The present disclosure relates to a semiconductor device, and a method for fabricating the same, particularly to a semiconductor device including a metal insulator semiconductor field-effect transistor (MISFET) having a gate insulating film including a high dielectric constant film, and a method for fabricating the same.
For higher performance of semiconductor integrated circuits, a gate insulating film made of a high dielectric constant material, typically alumina (Al2O3), hafnium oxide (HfO2), and hafnium silicate (HfSiOx), has been taking the place of a conventional gate insulating film made of a silicon oxide film or a silicon oxynitride film. Further, a full-metal gate electrode made of a metal film, or a gate electrode constituted of a metal-inserted polysilicon stack (MIPS) having a metal film inserted between a gate insulating film and a polysilicon film has been taking the place of a conventional gate electrode made of a polysilicon film.
Threshold voltages of an n-type MISFET (hereinafter referred to as an n-type MIS transistor), and a p-type MISFET (hereinafter referred to as a p-type MIS transistor) can be controlled by using gate electrodes having metal films made of metal materials different from each other in the n-type MIS transistor and the p-type MIS transistor. When an MIS transistor has a gate insulating film including a high dielectric constant film, and a gate electrode including a metal film, the threshold voltage of the MIS transistor can be controlled based on a work function of the metal material of the metal film in the gate electrode.

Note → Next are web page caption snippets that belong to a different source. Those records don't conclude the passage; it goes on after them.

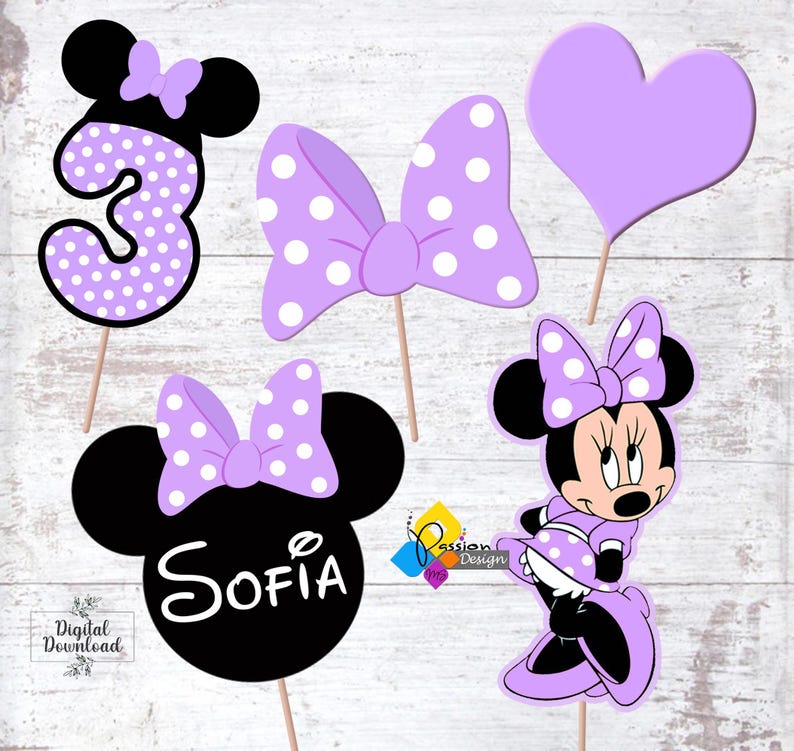 May include: Purple and black Minnie Mouse themed party decorations with a number 3, a bow, a heart, and a Minnie Mouse head with the name Sofia.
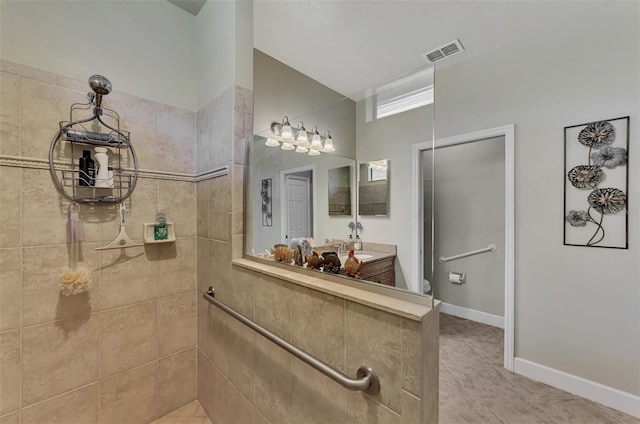 bathroom with vanity and tile patterned flooring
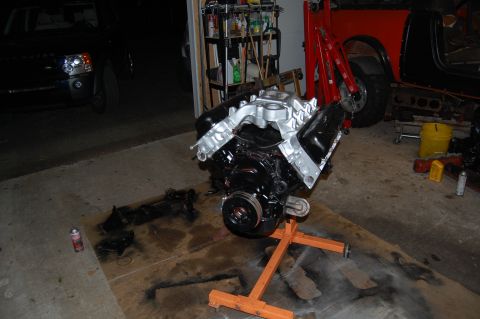 1994 Ford Bronco - Engine on a stand in a garage, with other vehicles partially visible.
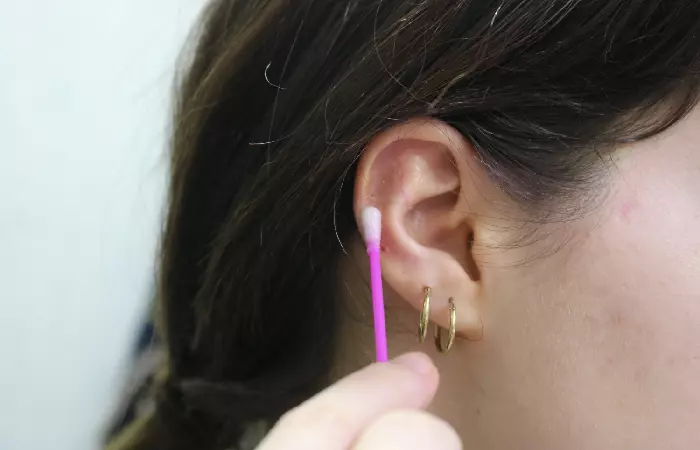A woman applying healing ointment to her cartilage piercing bump using a Q-tip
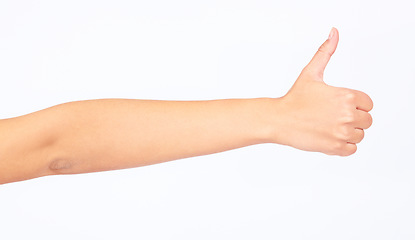 Image showing Woman, hand and thumbs up on studio background in success goals, vote support or opinion on white mockup backdrop. Zoom, model and yes finger gesture in thank you, winner news or good luck motivation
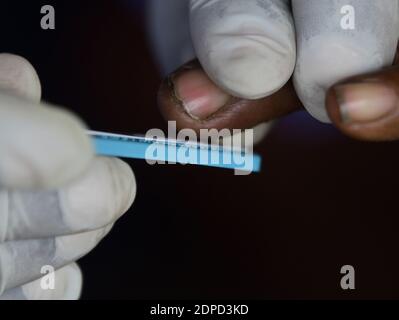 Health workers are testing blood of drivers from different commercial vehicles at a bus stand during a counselling and HIV test camp, organised by the Tripura State AIDS Control society.  Agartala, Tripura, India. Stock Photo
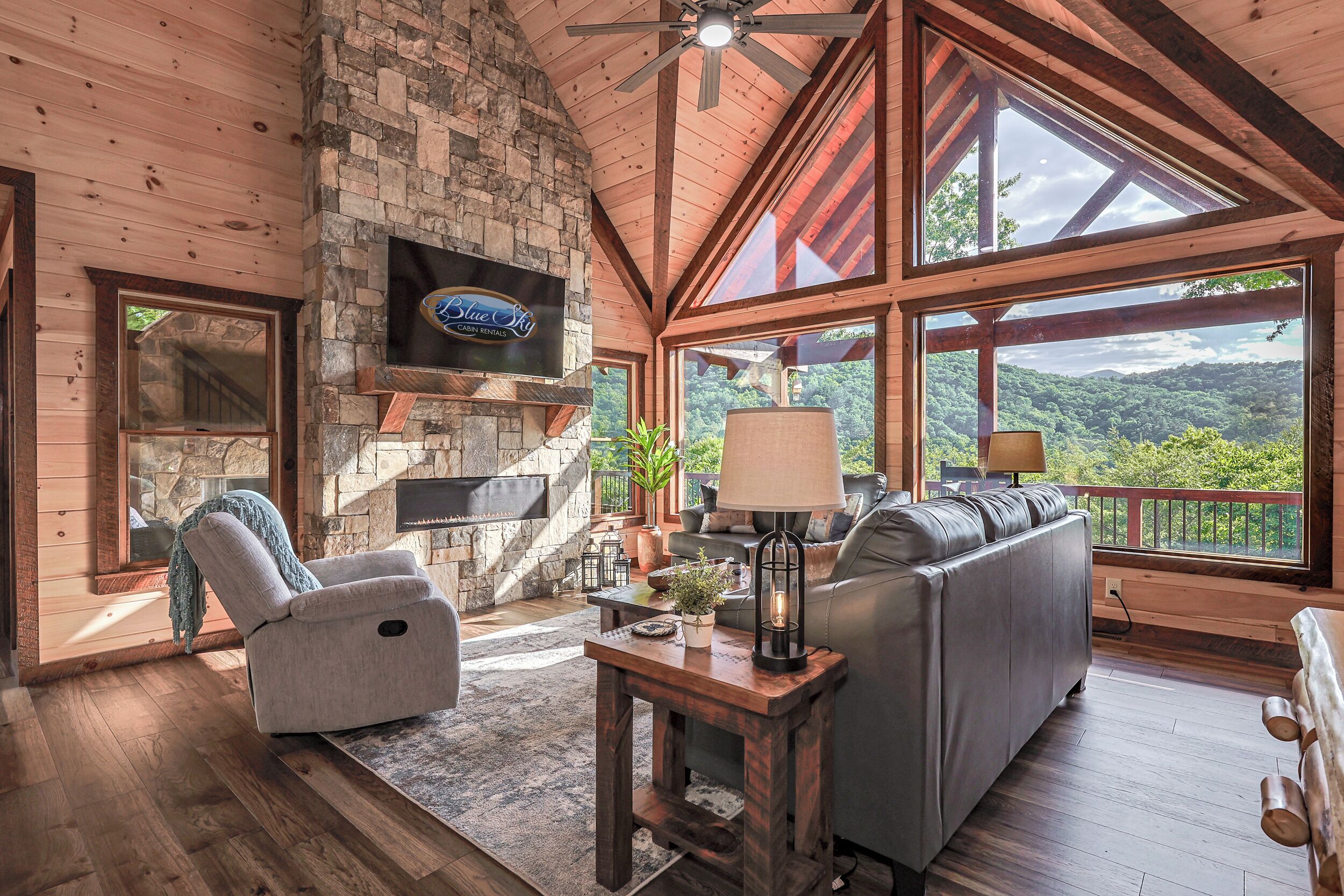 A spacious living area with a stone fireplace, a flat-screen TV mounted on the wall, a comfortable sofa, and large windows offering a view of the outdoors.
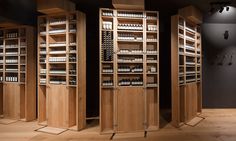 three wooden shelvings with bottles on them in a room filled with wood flooring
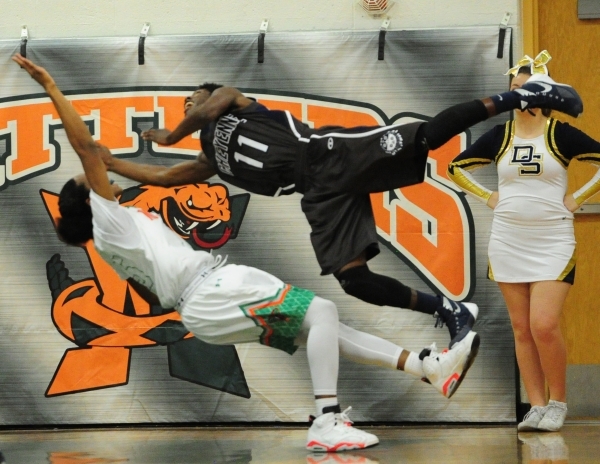 Cheyenne guard Laron Perkins (11) is upended after fouling Mojave guard Richard Edwards in t ...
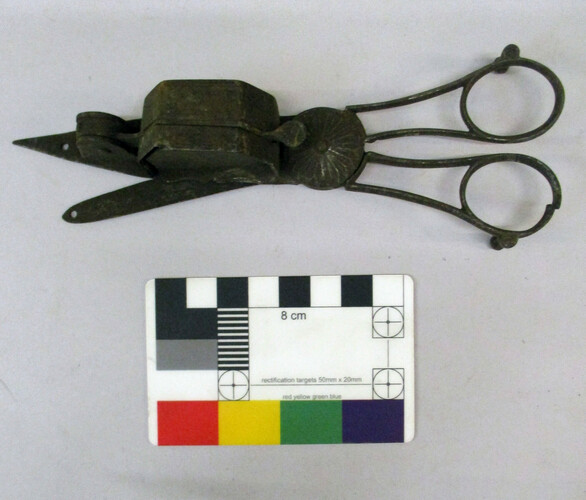 Scissor candle snuffers. Oval finger holes. The finger blades or arms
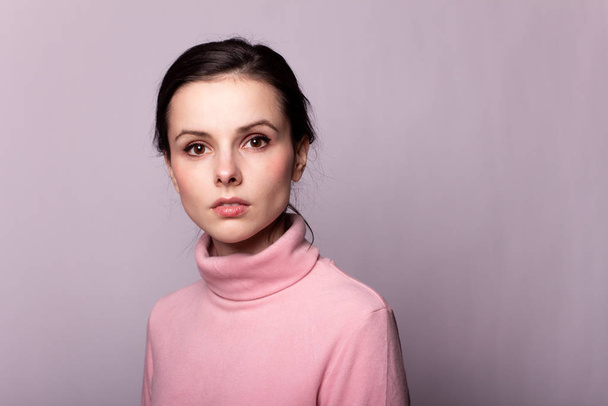 beautiful girl in a pink turtleneck on a gray background - Фото, изображение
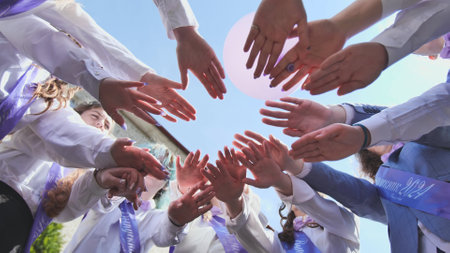 Students forming a circle, uniting in celebration of their graduation and last day of school in 2024, representing solidarity and camaraderieの写真素材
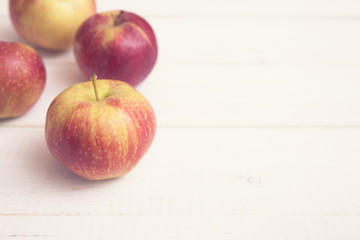 Red apples on a white wooden table
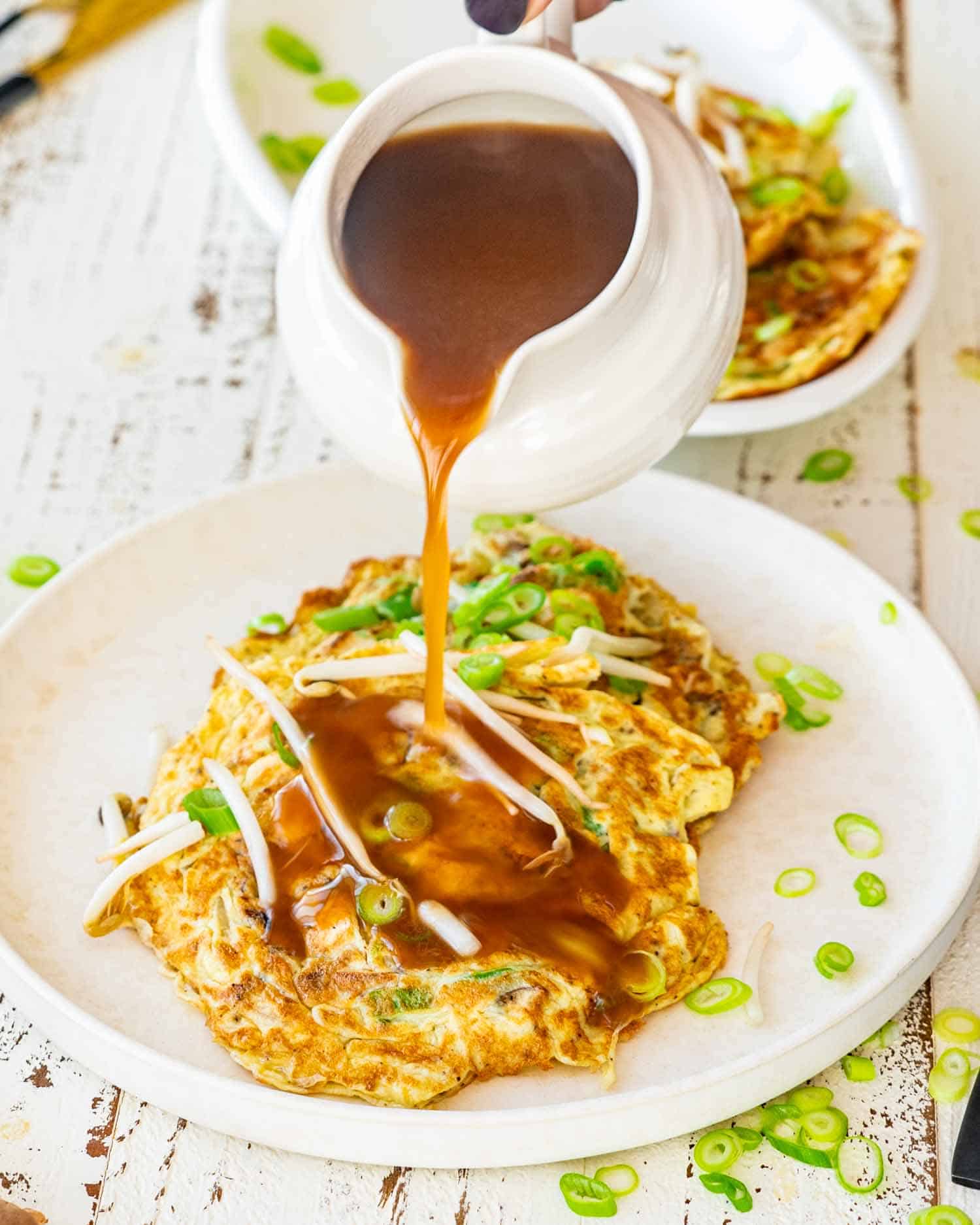 pouring sauce on egg foo young on a white plate.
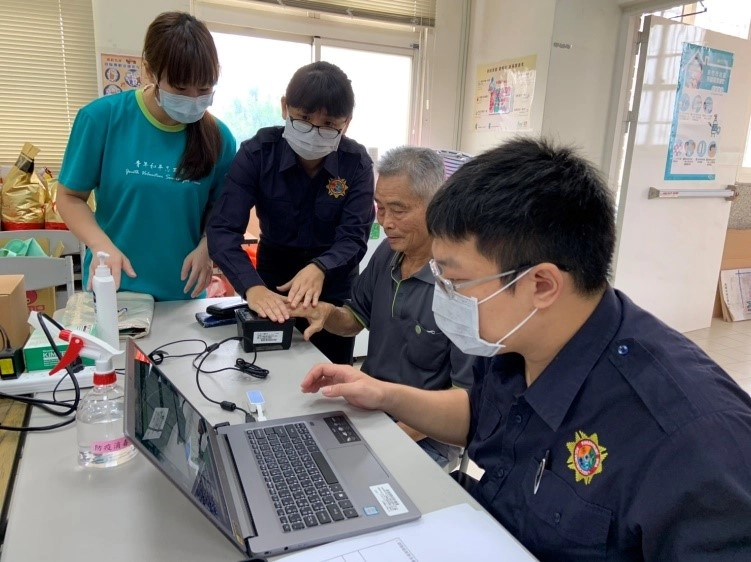 青年志工協助長輩捺印指紋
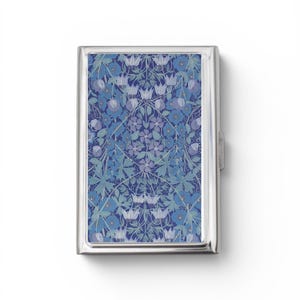 May include: A rectangular metal cigarette case featuring a polished silver frame and a decorative inlay. The inlay displays a repeating botanical pattern of blue and light purple flowers, leaves, and vines set against a deep navy blue background.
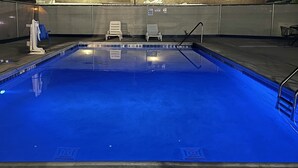 Une piscine rectangulaire à l’eau légèrement bleutée, entourée d’une terrasse carrelée et d’une clôture en métal.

However, the above method has the following demerits. For example, since the materials of the gate electrodes of the n-type and p-type MIS transistors are different, the gate electrodes of the n-type and p-type MIS transistors need to be formed separately, which complicates fabrication steps. Further, a margin (an allowance) of an N/P boundary region between the n-type and p-type MIS transistors needs to be increased, thereby making densification and miniaturization of the n-type and p-type MIS transistors difficult.
According to another method for controlling the threshold voltages of the n-type and p-type MIS transistors, the gate electrodes of the n-type and p-type MIS transistors are made of the same material. A gate insulating film including a high dielectric constant film containing lanthanum (La) is used in the n-type MIS transistor, and a gate insulating film including a high dielectric constant film containing aluminum (Al) is used in the p-type MIS transistor (see, e.g., Non-Patent Document 1: Hyung-Suk Jung et al., “A Highly Manufacturable MIPS (Metal Inserted Poly-Si Stack) Technology with Novel Threshold Voltage Control,” VLSI Tech. Digest 2005, and Non-Patent Document 2: H. N. Alshareef et al., “Thermally Stable N-Metal Gate MOSFETs Using La-Incorporated HfSiO Dielectric,” VLSI Tech. Digest 2006).
The above method is advantageous because has the following merits. For example, the fabrication steps are simple because the gate electrodes of the n-type and p-type MIS transistors are made of the same material. Further, the gate electrodes can easily be processed.